Long-term interest rates are now unsustainably low, implying bubbles in the prices of bonds and other securities. When interest rates rise, as they surely will, the bubbles will burst, the prices of those securities will fall, and anyone holding them will be hurt. To the extent that banks and other highly leveraged financial institutions hold them, the bursting bubbles could cause bankruptcies and financial market breakdown.
The very low interest rate on long-term United States Treasury bonds is a clear example of the current mispricing of financial assets. A 10-year Treasury has a nominal interest rate of less than two per cent. Because the inflation rate is also about two per cent, this implies a negative real interest rate - which is confirmed by the interest rate of -0.6 per cent on 10-year Treasury Inflation Protected Securities (TIPS), which adjust interest and principal payments for inflation.

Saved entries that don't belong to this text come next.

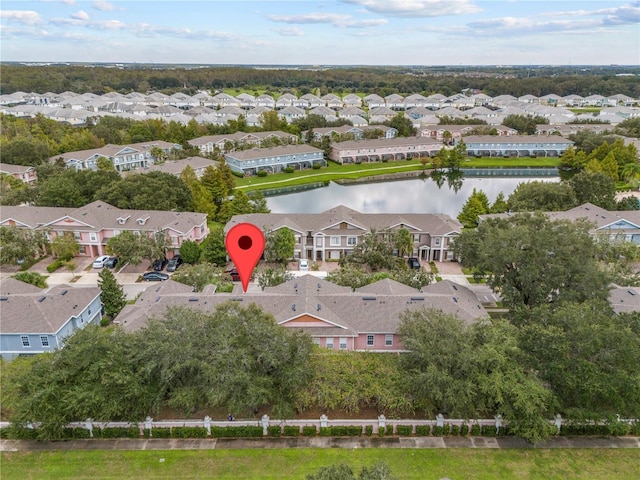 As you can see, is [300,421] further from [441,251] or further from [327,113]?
[327,113]

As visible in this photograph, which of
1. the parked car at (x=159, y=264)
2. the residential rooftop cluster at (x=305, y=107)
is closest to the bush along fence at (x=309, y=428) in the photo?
the parked car at (x=159, y=264)

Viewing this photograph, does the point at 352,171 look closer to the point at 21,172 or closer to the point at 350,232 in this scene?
the point at 350,232

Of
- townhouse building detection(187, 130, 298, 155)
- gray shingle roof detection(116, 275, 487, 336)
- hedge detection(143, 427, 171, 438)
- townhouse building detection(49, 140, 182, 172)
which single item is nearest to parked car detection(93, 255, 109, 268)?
gray shingle roof detection(116, 275, 487, 336)

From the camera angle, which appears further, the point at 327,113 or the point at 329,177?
the point at 327,113

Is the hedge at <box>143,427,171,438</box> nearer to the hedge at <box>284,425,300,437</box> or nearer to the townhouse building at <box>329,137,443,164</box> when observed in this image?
the hedge at <box>284,425,300,437</box>

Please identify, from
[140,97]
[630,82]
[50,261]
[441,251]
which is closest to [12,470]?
[50,261]

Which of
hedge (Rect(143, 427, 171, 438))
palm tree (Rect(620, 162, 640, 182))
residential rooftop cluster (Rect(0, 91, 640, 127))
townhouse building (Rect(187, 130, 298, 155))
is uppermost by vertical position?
residential rooftop cluster (Rect(0, 91, 640, 127))

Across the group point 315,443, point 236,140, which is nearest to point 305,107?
point 236,140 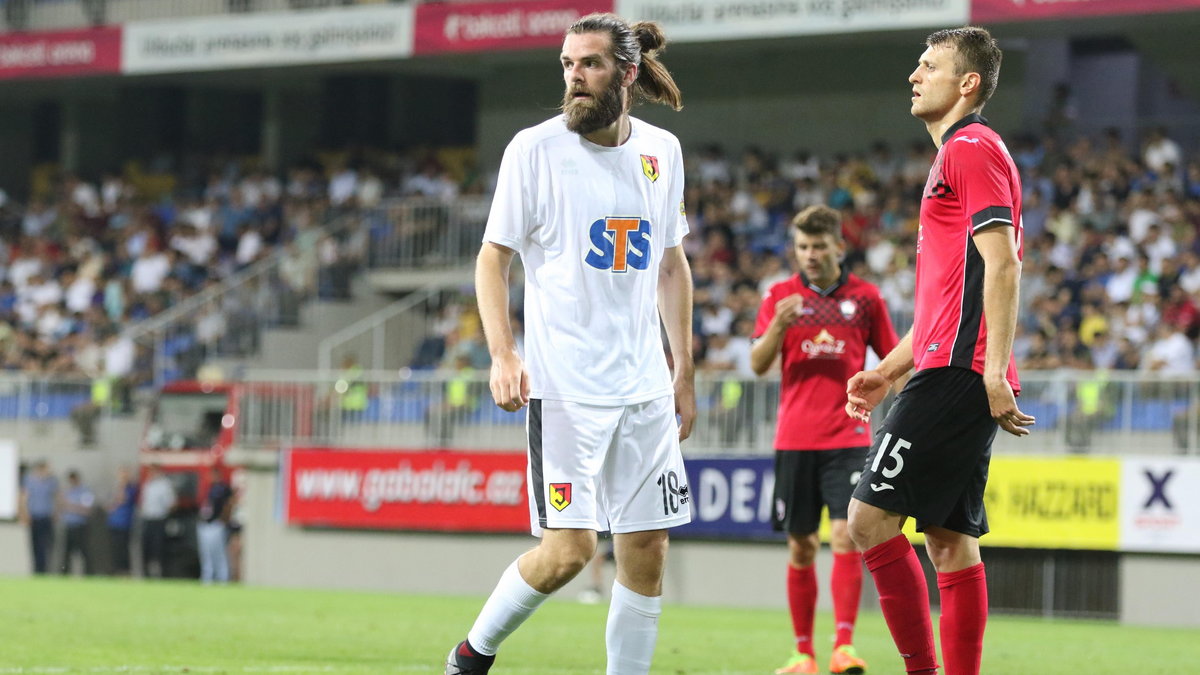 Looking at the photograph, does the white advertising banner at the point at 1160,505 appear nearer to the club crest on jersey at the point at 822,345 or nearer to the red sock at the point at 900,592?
the club crest on jersey at the point at 822,345

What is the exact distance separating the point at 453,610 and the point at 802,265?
7.51 m

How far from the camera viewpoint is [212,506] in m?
23.9

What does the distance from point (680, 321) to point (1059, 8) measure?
17804 millimetres

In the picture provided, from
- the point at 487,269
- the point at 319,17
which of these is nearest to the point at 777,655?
the point at 487,269

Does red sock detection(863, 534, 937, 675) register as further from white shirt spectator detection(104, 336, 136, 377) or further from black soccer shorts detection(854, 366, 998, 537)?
white shirt spectator detection(104, 336, 136, 377)

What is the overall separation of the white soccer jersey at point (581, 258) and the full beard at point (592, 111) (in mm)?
76

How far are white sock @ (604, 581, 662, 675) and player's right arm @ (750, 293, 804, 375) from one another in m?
3.42

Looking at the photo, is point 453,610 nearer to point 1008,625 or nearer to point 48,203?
point 1008,625

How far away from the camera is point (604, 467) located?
A: 6.73 m

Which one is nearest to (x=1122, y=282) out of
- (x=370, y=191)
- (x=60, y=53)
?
(x=370, y=191)

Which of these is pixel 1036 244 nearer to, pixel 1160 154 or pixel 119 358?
pixel 1160 154

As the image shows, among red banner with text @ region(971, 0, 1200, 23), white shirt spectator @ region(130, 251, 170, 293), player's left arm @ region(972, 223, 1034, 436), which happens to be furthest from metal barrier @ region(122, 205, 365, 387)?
player's left arm @ region(972, 223, 1034, 436)

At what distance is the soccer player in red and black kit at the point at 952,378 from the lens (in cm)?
668

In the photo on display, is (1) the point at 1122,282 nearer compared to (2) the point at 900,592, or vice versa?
(2) the point at 900,592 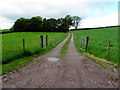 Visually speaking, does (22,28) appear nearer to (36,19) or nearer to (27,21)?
(27,21)

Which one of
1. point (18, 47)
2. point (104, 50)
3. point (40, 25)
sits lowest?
point (104, 50)

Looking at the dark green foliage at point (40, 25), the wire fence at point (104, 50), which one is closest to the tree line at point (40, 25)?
the dark green foliage at point (40, 25)

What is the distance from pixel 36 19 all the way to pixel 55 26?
13515mm

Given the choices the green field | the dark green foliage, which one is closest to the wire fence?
the green field

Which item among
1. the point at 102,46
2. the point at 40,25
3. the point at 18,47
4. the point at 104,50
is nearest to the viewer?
the point at 104,50

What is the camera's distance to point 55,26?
69438 mm

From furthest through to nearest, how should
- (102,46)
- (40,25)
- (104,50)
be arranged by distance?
(40,25) < (102,46) < (104,50)

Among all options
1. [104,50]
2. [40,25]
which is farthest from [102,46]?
[40,25]

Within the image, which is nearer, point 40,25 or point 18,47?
point 18,47

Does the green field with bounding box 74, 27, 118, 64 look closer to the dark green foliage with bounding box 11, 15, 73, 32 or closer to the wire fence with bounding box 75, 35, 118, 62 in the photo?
the wire fence with bounding box 75, 35, 118, 62

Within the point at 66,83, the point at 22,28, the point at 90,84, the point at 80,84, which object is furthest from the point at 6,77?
the point at 22,28

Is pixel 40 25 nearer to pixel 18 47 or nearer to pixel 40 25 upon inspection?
pixel 40 25

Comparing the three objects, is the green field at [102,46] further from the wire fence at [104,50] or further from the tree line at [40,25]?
the tree line at [40,25]

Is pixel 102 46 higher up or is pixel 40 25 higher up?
pixel 40 25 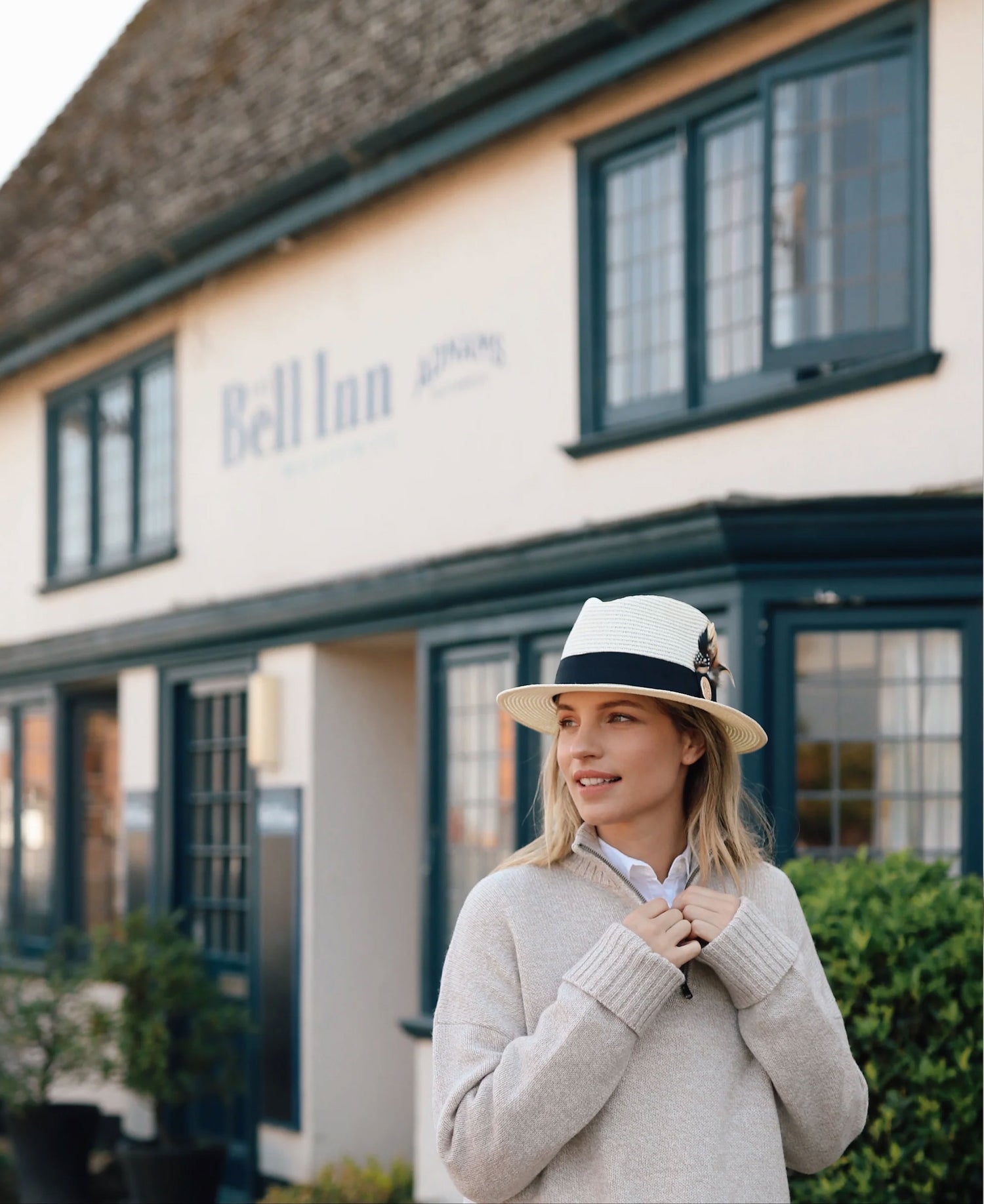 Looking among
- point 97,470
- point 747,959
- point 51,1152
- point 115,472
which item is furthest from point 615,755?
point 97,470

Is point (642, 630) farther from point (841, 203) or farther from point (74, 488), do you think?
point (74, 488)

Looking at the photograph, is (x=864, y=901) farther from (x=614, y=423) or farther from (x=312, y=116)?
(x=312, y=116)

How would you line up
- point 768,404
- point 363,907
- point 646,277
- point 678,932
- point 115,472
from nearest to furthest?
point 678,932 < point 768,404 < point 646,277 < point 363,907 < point 115,472

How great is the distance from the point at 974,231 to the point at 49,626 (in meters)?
9.16

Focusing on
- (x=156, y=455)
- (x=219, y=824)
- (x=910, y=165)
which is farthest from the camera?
(x=156, y=455)

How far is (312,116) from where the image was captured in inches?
422

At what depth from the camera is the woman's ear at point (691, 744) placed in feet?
10.2

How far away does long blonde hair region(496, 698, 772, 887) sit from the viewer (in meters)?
3.02

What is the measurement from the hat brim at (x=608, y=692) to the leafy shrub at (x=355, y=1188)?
18.9ft

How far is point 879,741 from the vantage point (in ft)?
23.6

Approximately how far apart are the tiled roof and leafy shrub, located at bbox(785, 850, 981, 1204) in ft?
14.0

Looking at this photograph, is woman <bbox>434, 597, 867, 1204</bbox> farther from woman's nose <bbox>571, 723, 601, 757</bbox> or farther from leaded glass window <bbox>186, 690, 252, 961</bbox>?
leaded glass window <bbox>186, 690, 252, 961</bbox>

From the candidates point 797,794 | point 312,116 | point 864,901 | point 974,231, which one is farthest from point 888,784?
point 312,116

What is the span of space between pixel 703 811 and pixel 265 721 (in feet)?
25.9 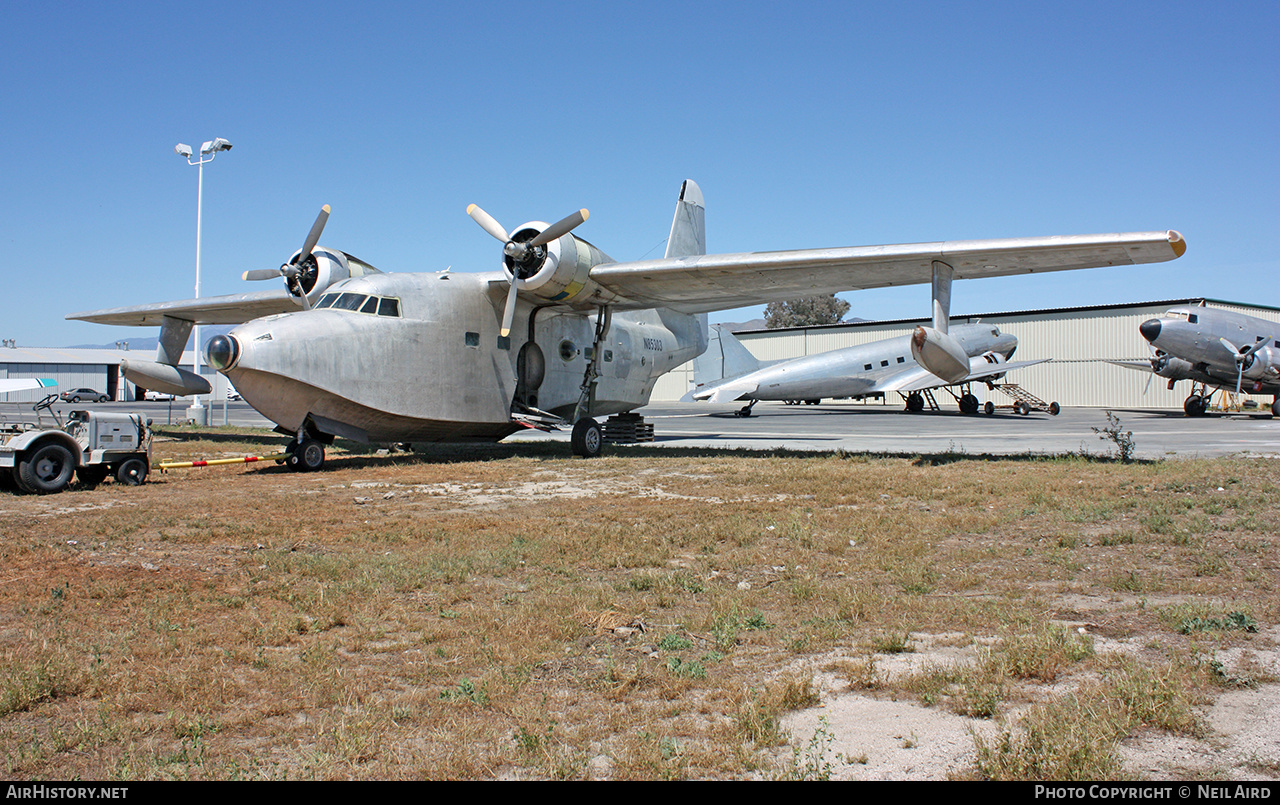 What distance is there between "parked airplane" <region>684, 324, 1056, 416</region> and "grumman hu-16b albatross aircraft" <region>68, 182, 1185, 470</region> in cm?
1558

Historically, the real interest rate on 10-year Treasuries has been above two per cent; thus, today's rate is about two percentage points below its historical average. But those historical rates prevailed at times when fiscal deficits and federal government debt were much lower than they are today. With budget deficits that are projected to be five per cent of GDP by the end of the coming decade, and a debt/GDP ratio that has roughly doubled in the past five years and is continuing to grow, the real interest rate on Treasuries should be significantly higher than it was in the past.
The reason for today's unsustainably low long-term rates is not a mystery. The Federal Reserve's policy of "long-term asset purchases", also known as "quantitative easing" (QE), has intentionally kept long-term rates low. The Fed is buying Treasury bonds and long-term mortgage-backed securities at a rate of $85 billion a month, equivalent to an annual rate of $1,020 billion. Since that exceeds the size of the government deficit, it implies that private markets do not need to buy any of the newly issued government debt.
The Fed has indicated that it will eventually end its programme of long-term asset purchases and allow rates to rise to more normal levels. Although it has not indicated just when rates will rise or how high they will go, the Congressional Budget Office (CBO) projects that the rate on 10-year Treasuries will rise above five per cent by 2019 and remain above that level for the next five years.
The interest rates projected by the CBO assume that future inflation will be only 2.2 per cent. If inflation turns out to be higher (a very likely outcome of the Fed's recent policy), the interest rate on long-term bonds could be correspondingly higher.
Investors are buying long-term bonds at the current low interest rates because the interest rate on short-term investments is now close to zero. In other words, buyers are getting an additional two per cent current yield in exchange for assuming the risk of holding long-term bonds.
That is likely to be a money-losing strategy unless an investor is sagacious or lucky enough to sell the bond before interest rates rise. If not, the loss in the price of the bond would more than wipe out the extra interest that he earned, even if rates remain unchanged for five years.
Here is how the arithmetic works for an investor who rolls over 10-year bonds for the next five years, thus earning two per cent more each year than he would by investing in Treasury bills or bank deposits. Assume that the interest rate on 10-year bonds remains unchanged for the next five years and then rises from two per cent to five per cent. During those five years, the investor earns an additional two per cent each year, for a cumulative gain of 10 per cent. But when the interest rate on a 10-year bond rises to five per cent, the bond's price falls from $100 to $69. The investor loses $31 on the price of the bond, or three times more than he had gained in higher interest payments.
The low interest rate on long-term Treasury bonds has also boosted demand for other long-term assets that promise higher yields, including equities, farm land, high-yield corporate bonds, gold and real estate. When interest rates rise, the prices of those assets will fall as well.
The Fed has pursued its strategy of low long-term interest rates in the hope of stimulating economic activity. At this point, the extent of the stimulus seems very small, and the risk of financial bubbles is increasingly worrying.
The US is not the only country with very low or negative real long-term interest rates. Germany, Britain and Japan all have similarly low long rates. And in each of these countries, it is likely that interest rates will rise during the next few years, imposing losses on holders of long-term bonds and potentially impairing the stability of financial institutions.
Even if the major advanced economies' current monetary strategies do not lead to rising inflation, we may look back on these years as a time when official policy led to individual losses and overall financial instability.
The writer is a professor of economics at Harvard.